Na visão do empresário Joseph Lee, que há 20 anos faz a intermediação entre o mercado brasileiro e o chinês, a habilidade dos atletas brasileiros facilita a adaptação no país asiático. “O brasileiro tem muito talento e consegue ter mais flexibilidade e adaptação a um futebol de outro país, consegue se encaixar melhor atuando em um lugar bem diferente por causa da sua técnica. O chinês nunca foi buscar muitos argentinos, uruguaios, paraguaios ou chilenos”, disse. Outro ponto abordado por eles é que pelo biotipo chinês, é melhor aprender com a habilidade de jogadores do Brasil do que europeus, tradicionalmente mais fortes.

Cesar Soller, empresário brasileiro que há anos trabalha na Ásia, ressalta que o interesse chinês é forte porque desde quando começaram a procurar brasileiros, em 2008, o resultado foi bom. "O Muriqui foi pra lá em 2009, como desconhecido no Brasil, e arrebentou lá na China. O Felipão ganhou os principais torneios na China (foi campeão asiático também). Os brasileiros estão se adaptando e dando resultado", explicou.

Forma de captação

Mas como a China monitora e faz a seleção de talentos no Brasil para, em seguida, contratá-los? Um dos caminhos são parcerias que os clubes têm com empresários que ficam por conta de observar e garimpar talentos.

Lee hoje tem uma equipe de olheiros que assiste a jogos in loco e pela televisão das mais diferentes divisões. A equipe analisa quais atletas poderiam interessar o mercado chinês. Flávio Pires também faz esse trabalho com a China há 12 anos e foi o responsável por trazer Zizao ao Corinthians.

Mas os chineses também têm seus próprios meios de garimpagem e cada vez estão mais exigentes e espertos nas contratações. Hoje, já contam com departamentos avançados de tecnologia para analisar minuciosamente cada jogador.

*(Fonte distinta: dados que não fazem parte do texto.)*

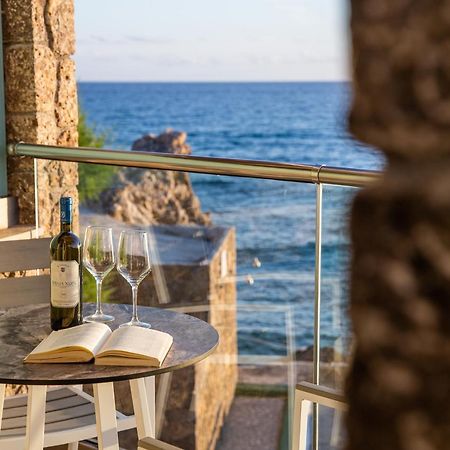 Black Rocks Family, Luxury Seafront Beach Maisonette Agios Gordios  Esterno foto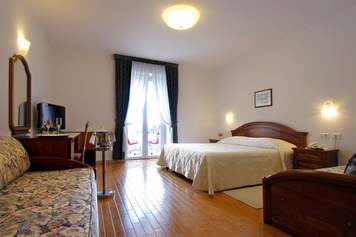 Hotel Marko, Coast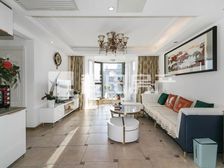 一瓶四和院3室2厅精装修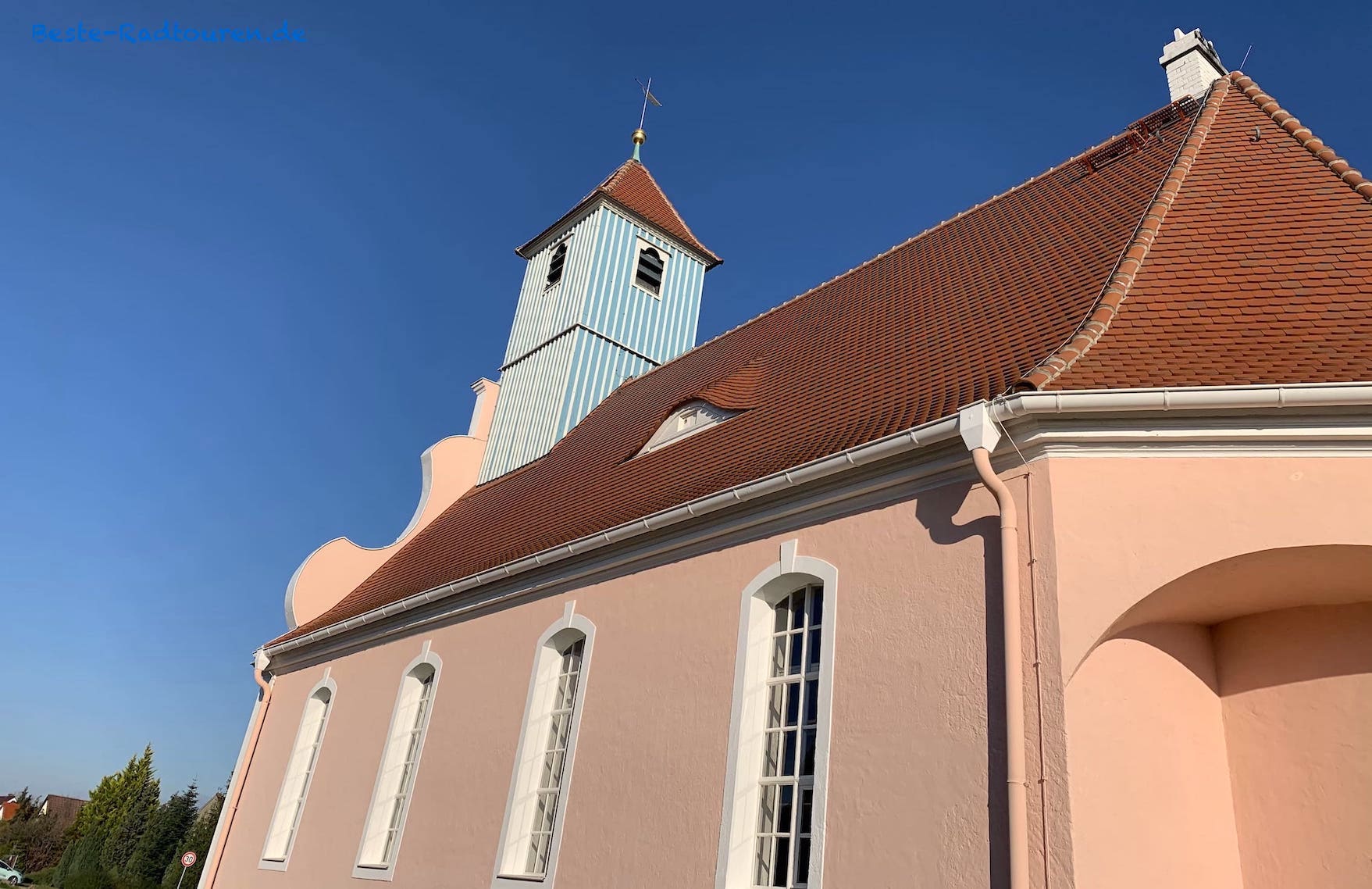 Döbbrick bei Cottbus: Dorfkirche mit Turm in blau-weiß gestreift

“Antigamente dependia muito do nosso trabalho. Mas hoje eles estão formando também um sistema bem mais completo nos times, nos centros de treinamentos, eles têm profissionais dentro das comissões técnicas e uma estrutura que está ultrapassando os clubes sul-americanos e até a Europa. Eles têm um sistema de análises, sabem cada detalhe do jogador e estão sempre acompanhando. Hoje, para oferecer uma contratação para eles, você tem que estar bem preparado”, brinca Lee.

“Eles têm um controle violento, muito mais que os clubes daqui. Às vezes eles me ligam e falam coisas de um jogador que eu mesmo fico surpreso. Eu pergunto: ‘como vocês estão sabendo?’”, conta Flávio.

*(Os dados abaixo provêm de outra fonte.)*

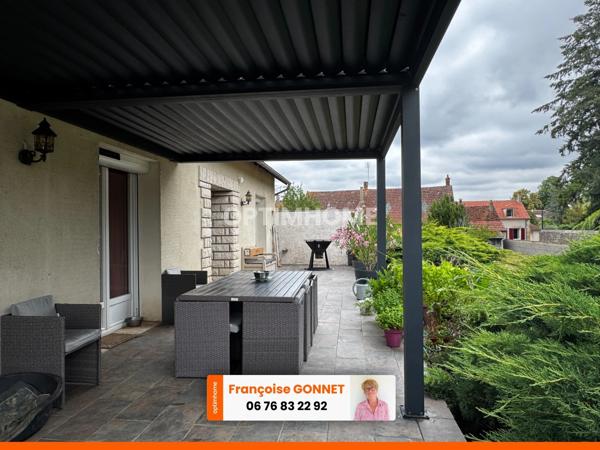 Maison 215 m² - 5 chambres - Terrain 4 200 m² - Piscine - 257 000 € - SAINT PIERRE LES ETIEUX - 18200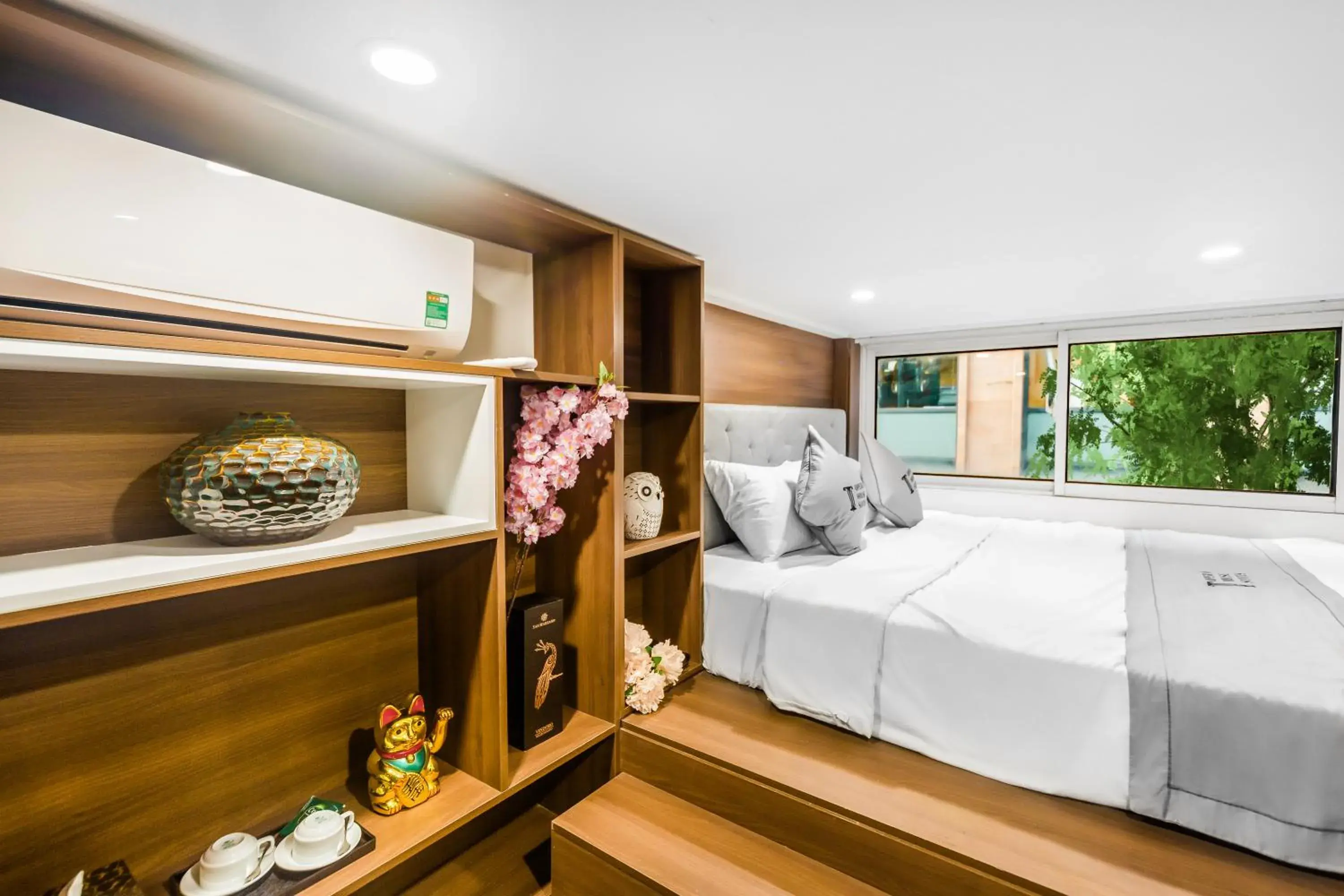 Bedroom, Bed in Opera House Suites Bedroom, Bed in Opera House Suites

Características que agradam

Com tanto tempo de experiência, Flávio já sabe que tipo de jogador tem potencial e pode agradar. “Eles gostam de jogador com velocidade e habilidade do meio para a frente, dificilmente você vai ver contratações de laterais e, às vezes, de zagueiro”, afirma.

O técnico Cuca, que recentemente trabalhou no Shandong Luneng, também acredita que a posição do atleta influencia bastante na peneira. “Eles contratam os estrangeiros para o ataque e meio (...) é proibido contratar goleiro, porque numa ocasião levaram um goleiro, ele fechou o gol e foi campeão, então proibiram a contratação de goleiro. Zagueiros, laterais e volantes são raros. Os chineses priorizam muito do meio para a frente. Eu tentei levar zagueiros para lá e eles falaram: “não, não, nós temos que trazer atacantes. A gente só pode ter três estrangeiros, então vamos trazer do meio para a frente”. Eles pensam que os jogadores mais valorizados são os atacantes que vão dar espetáculo, que vão fazer gols”.

Outra forma comum de fazer os brasileiros cruzarem o mundo é pela indicação dos técnicos. Hoje, nomes consagrados que já comandaram a seleção brasileira, como Mano Menezes, Felipão e Vanderlei Luxemburgo, estão no futebol chinês. E os clubes fazem questão de atender aos pedidos deles.

“A primeira escolha do time foi o Vanderlei Luxemburgo, técnico brasileiro que tem muito conhecimento e é amado no Brasil. O treinador tem que ter conhecimento dos jogadores, então, por conta disso, contratamos atletas brasileiros”, conta o coordenador do Tianjin Quanjian, Sun Xian Lu.